= William Bass (brewer) =

English founder of Bass brewery (1717–1787)

William Bass (1717 – 2 March 1787) was an English entrepreneur who founded Bass Brewery.

==Career==
The exact origins of William Bass, the founder of the brewery are not clear, but a scholarly account of the history of the Bass brewery shows that in the 1720s he was living with his parents, John and Ann Bass, and his two brothers, John and Thomas, in Hinckley, Leicestershire.

His father, a plumber and glazier, died when William was 15, after which he carried on a carrier business with his older brother John in Hinckley. In 1756 William married Mary Gibbons, daughter of a London publican who ran the Red Lion Inn close to the London depot. They chose Burton-upon-Trent as their home because it was midway between Manchester and London, was a growing industrial-commercial centre, and was ideally positioned on the new Trunk canal, continuing his business there as a carrier of beer, his chief client being Benjamin Printon.

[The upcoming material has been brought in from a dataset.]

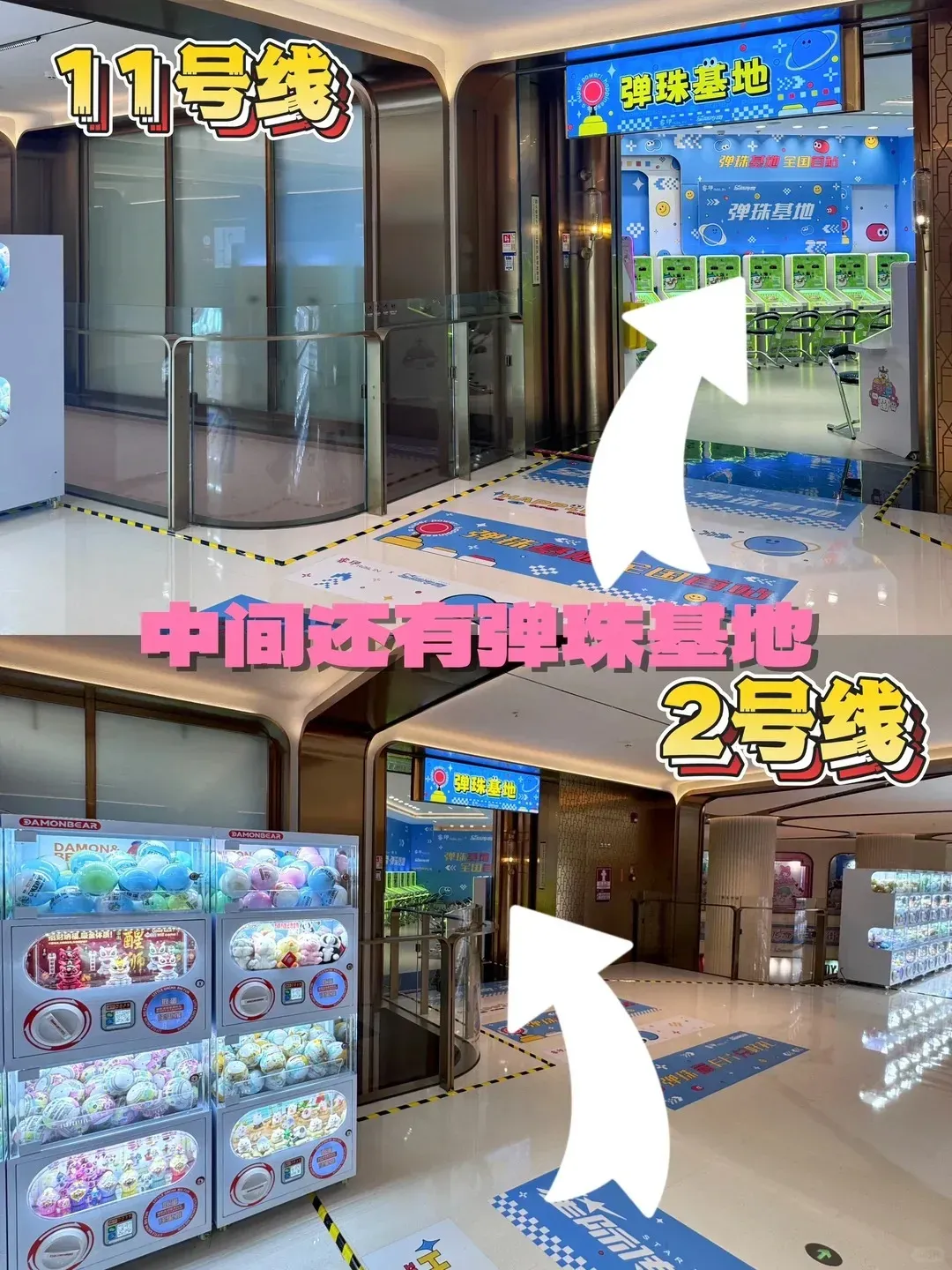 圖片來源：官方網站、U Lifestyle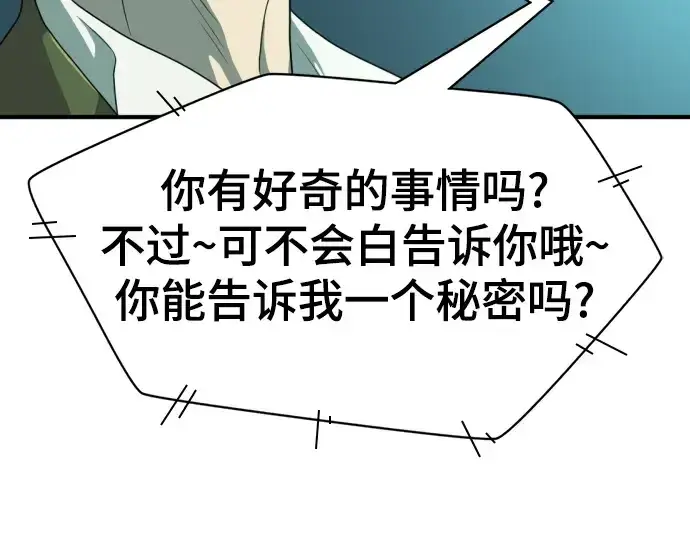 《史诗级领地设计师》第163话图180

By 1777, aged 60, he had saved some money, and, seeing the growing demand for Burton beer, he entered the brewing business. He bought a town house in the High Street, which contained a brewery and malthouse on adjoining land. Burton was already a thriving brewing town with several breweries exploiting the growing export beer trade via the Trent Navigation and Hull to the Baltic ports in Russia, mainly Saint Petersburg. He established the Bass Brewery and catered mainly for the domestic market, but in 1784 he started to export ale directly to Russia.

Bass is buried in the churchyard of St Modwen's, Burton upon Trent.

==Family==
Bass married Mary Gibbons and the son was Michael Thomas Bass.